By Gary Nelson – Arizona Republic
Mesa has reached a final agreement for the Oakland Athletics to return their spring training operations to the city beginning in 2015.
The deal is expected to receive approval Monday from the City Council, which was briefed during Thursday’s study session.
That meeting brought another piece of baseball news to Mesa: The Arizona Sports and Tourism Authority this week approved an $8.2 million allocation for renovating Hohokam Stadium to accommodate the A’s.
Oakland trained in Mesa for 10 years beginning in 1969 before moving to Scottsdale and then to Phoenix.
Hohokam and Fitch Park, a few blocks south of the stadium, currently serve the Chicago Cubs who will move next year to a new stadium near Loops 101 and 202.
Mesa built the current stadium for the Cubs 16 years ago, spending $28 million in the process.
But by 2009, the Cubs were considering other spring training options. Florida business interests promised to build the team a stadium in Naples, Fla., with enough land for a “Wrigleyville” retail and entertainment complex that would generate new revenue.
Mesa kept the Cubs by promising to spend $84million on new baseball facilities and $15million on related infrastructure in the Riverview neighborhood.
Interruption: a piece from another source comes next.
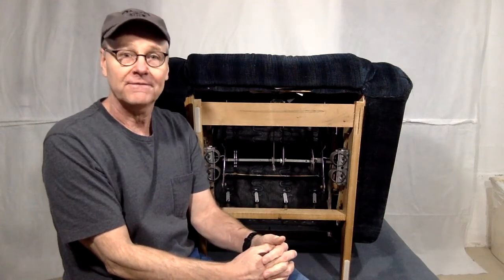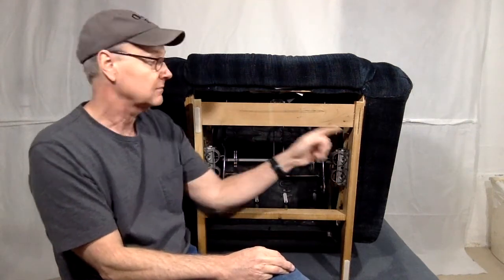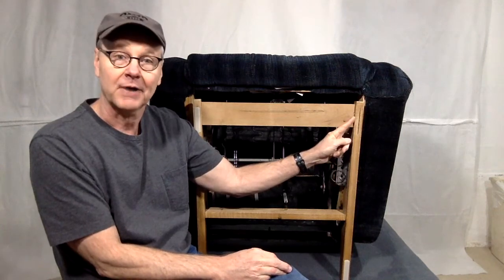Hello and welcome to today's quick fix. Today we're going to look at a Lazy Boy Recliner wooden floor base and how to replace a missing glide.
City voters approved the project in 2010.
Solving the Cubs problem, however, only created another for Mesa: What to do with Hohokam and Fitch?
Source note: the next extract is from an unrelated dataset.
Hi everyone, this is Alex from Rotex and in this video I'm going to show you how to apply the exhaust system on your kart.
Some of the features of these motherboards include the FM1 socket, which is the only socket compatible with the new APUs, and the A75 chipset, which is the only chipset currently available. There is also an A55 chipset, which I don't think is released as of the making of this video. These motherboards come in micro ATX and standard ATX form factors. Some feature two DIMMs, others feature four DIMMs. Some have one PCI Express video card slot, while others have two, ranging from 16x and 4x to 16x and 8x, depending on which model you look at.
Apart from the multimillion-dollar investment in the facilities, Mesa estimated it would cost almost $1.5 million a year to maintain them as city parks. With lease payments from the A’s, that expense will be cut roughly in half.
Oakland was nearing the end of its lease for Phoenix Municipal Stadium and initiated talks with Mesa in late 2011.
“We had a very outstanding agreement with Phoenix and in a sense have a hard time leaving, but we’re still looking forward to the future,” said Ted Polakowski, a Mesa resident who directs Oakland’s Arizona operations.
Oakland’s tenure at the nearly 50-year-old Phoenix Muni ends in 2014, and the stadium is likely to be the next home for Arizona State University’s baseball team.
Mesa has a year to renovate Hohokam and Fitch.
There will be clubhouse upgrades to accommodate nutritional and language training. Seating at Hohokam will be reduced to make the park more intimate for the A’s, who typically draw fewer fans than the Cubs. And there will new fan amenities; among the possibilities is a bar dug into Hohokam’s outfield berm.
The total bill is pegged at about $20 million.
Mesa will cover the first $15 million. The next $5 million will be split evenly between the city and the team. Oakland picks up all costs beyond $20 million.
That means public spending for the A’s is capped at $17.5 million.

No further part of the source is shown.